2. La notte della fede è ancora più oscura della prima, perché, mentre questa riguarda la parte inferiore, cioè i sensi dell’uomo, e per conseguenza è più esterna, quella della fede riguarda la parte superiore o razionale dell’uomo. Questa è, quindi, più interiore e più oscura, perché priva l’anima della luce della ragione o, per meglio dire, l’acceca. A buon diritto, perciò, è paragonata alla mezzanotte, che è la parte culminante e più buia della notte.
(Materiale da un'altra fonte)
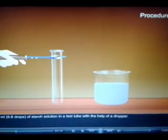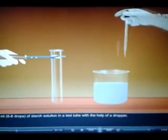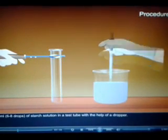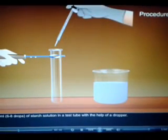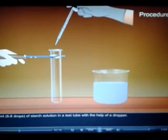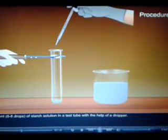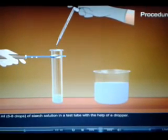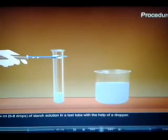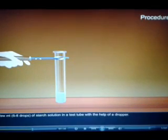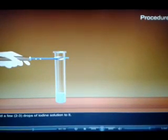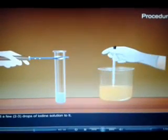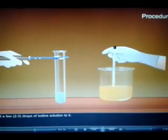Procedure: Take a few milliliters of starch solution in a test tube with the help of a dropper. Now add a few drops of iodine solution to it.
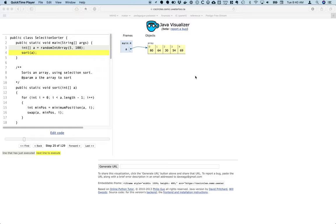I'm going to take a closer look here at the selection sort. The selection sort code here is similar to the code that is in your repository.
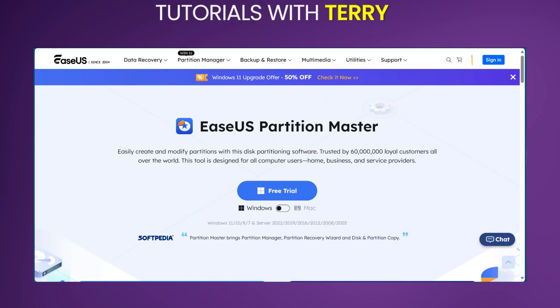Welcome to our quick review of EaseUS Partition Master. Before we start, I've put a link to EaseUS in the description for you to give it a try yourself after this video.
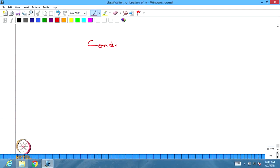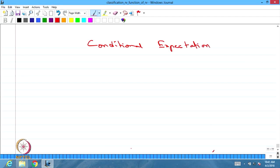In this lecture, we are going to discuss conditional expectation. This is a very important concept in probability, because just as we discussed conditional distribution, conditional expectation is also important.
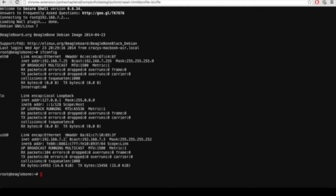Now let's start with our main goal — we need to set up a static IP address when connecting the BeagleBone via the ethernet port. For that, we have to type: sudo nano /etc/network/interfaces. There should be a space between each part of that command. When you press enter, you can see all the current network setup.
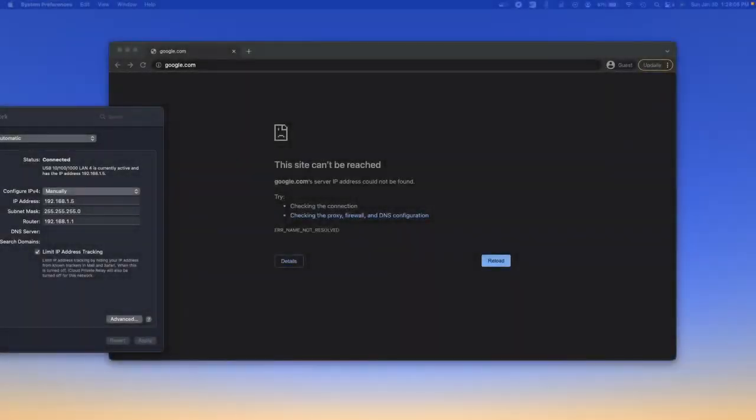Hey, how's it going? Welcome to this channel. Today we are going to be setting up an EdgeRouterX from Ubiquiti.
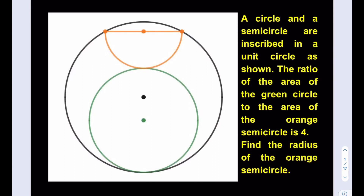Hello everyone. In this video we're going to be solving a geometry puzzle. A circle and a semicircle are inscribed in a unit circle as shown. The ratio of the area of the green circle to the area of the orange semicircle is 4. Find the radius of the orange semicircle.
3. Ora devo provare come questa seconda parte, cioè la fede, sia una notte per lo spirito, come la prima lo è per i sensi. Parlerò, poi, degli ostacoli che la fede incontra e come l’anima debba disporsi attivamente per entrare in essa. Del suo aspetto passivo, cioè di quanto Dio faccia per introdurla in questa notte, senza il concorso dell’anima, tratterò a suo luogo, cioè nel libro terzo.
CAPITOLO 3
Ove si dimostra con argomenti, autorità e figure della sacra Scrittura come la fede sia una notte oscura per l’anima.
1. I teologi affermano che la fede è un abito certo e oscuro dell’anima. È abito oscuro perché induce a credere verità rivelate da Dio stesso, che sono al di sopra di ogni luce naturale e superano oltre misura ogni umana comprensione. Ne consegue che la luce eccessiva della fede è per l’anima profonda oscurità, perché il più assorbe e vince il meno, come la luce del sole eclissa qualsiasi altra luce, al punto che questa scompare quando quella risplende vincendo la nostra potenza visiva. In tal modo questa rimane piuttosto accecata e priva della vista, perché la luce che riceve è sproporzionata ed eccessiva. Allo stesso modo la luce della fede, per sua natura ha come oggetto solo la scienza naturale. Tuttavia l’anima è in grado di accogliere quella soprannaturale, qualora il Signore voglia elevarla a tale ordine.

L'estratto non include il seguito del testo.